By Nayla Rush March 2017

National Review, March 6, 2017

The Trump administration has paused the U.S. refugee-resettlement program for 120 days for assessment. That is a good thing. It is time the United States reconsidered not its humanitarian efforts to help refugees, but the manner and means by which it provides this help while keeping Americans as safe as possible. The new administration has the opportunity to reform a broken refugee system by resettling those who cannot stay put, assisting them better and longer, and helping millions of refugees in their own regions more efficiently.
Here's how.

The administration should not simply pick a lucky few out of millions who are undergoing common hardships. Choosing to offer some a better life in the United States and leaving behind others who are in similar circumstances is akin to playing God. This huge responsibility should not be in the hands of a few and should always be guided by nothing less than urgency and necessity. Resettlement should be applied as it was initially intended under the auspices of the United Nations High Commissioner for Refugees (UNHCR): as a protection available solely to the most vulnerable refugees who are not able to remain in the country to which they fled.

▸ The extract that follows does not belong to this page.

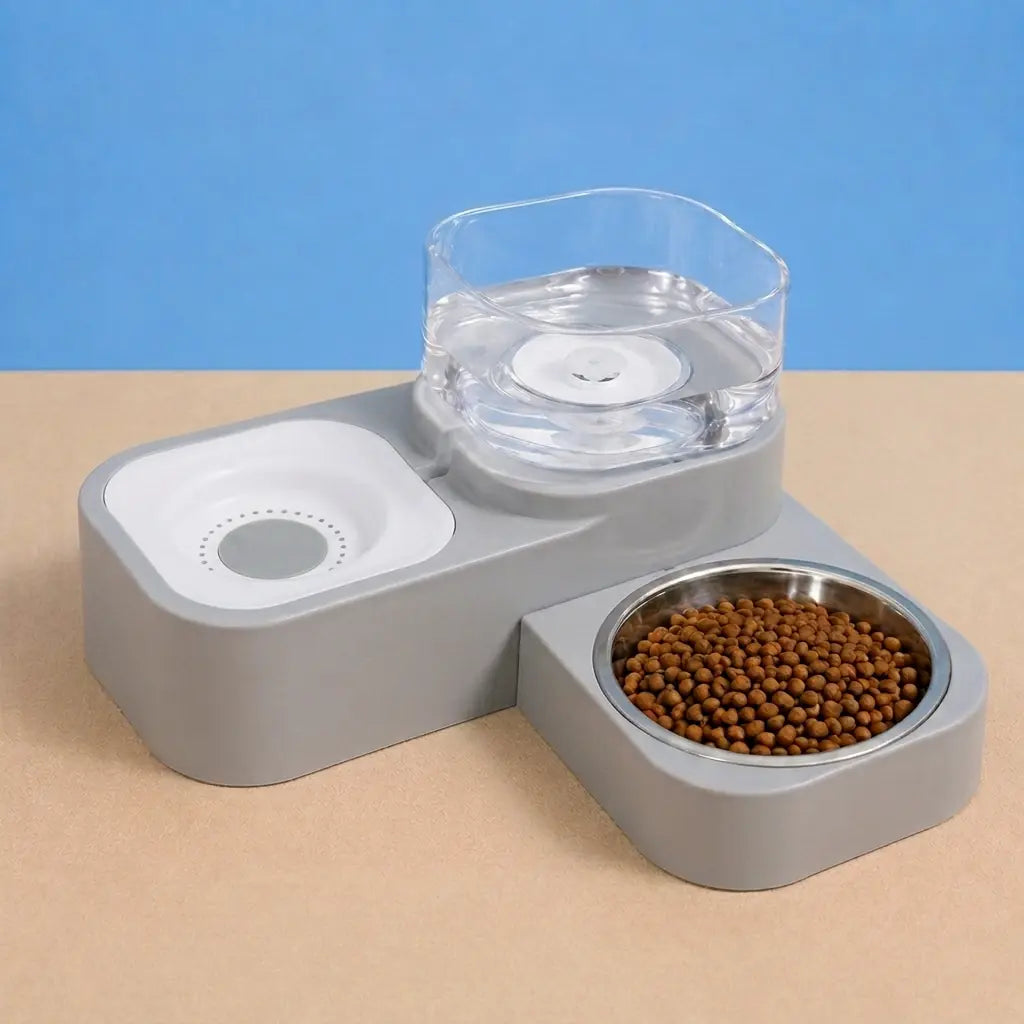 Furavora Gravity Water Station — Grey 2 style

Contrary to officials' claims under the Obama administration, the United States has not been prioritizing these urgent cases. The recent pause in the program can help ensure that we're offering resettlement to those who are in real danger in their countries of refuge — including people who urgently need medical care that's unavailable where they are, or persecuted religious minorities such as Christians in the Middle East or Muslims in Myanmar.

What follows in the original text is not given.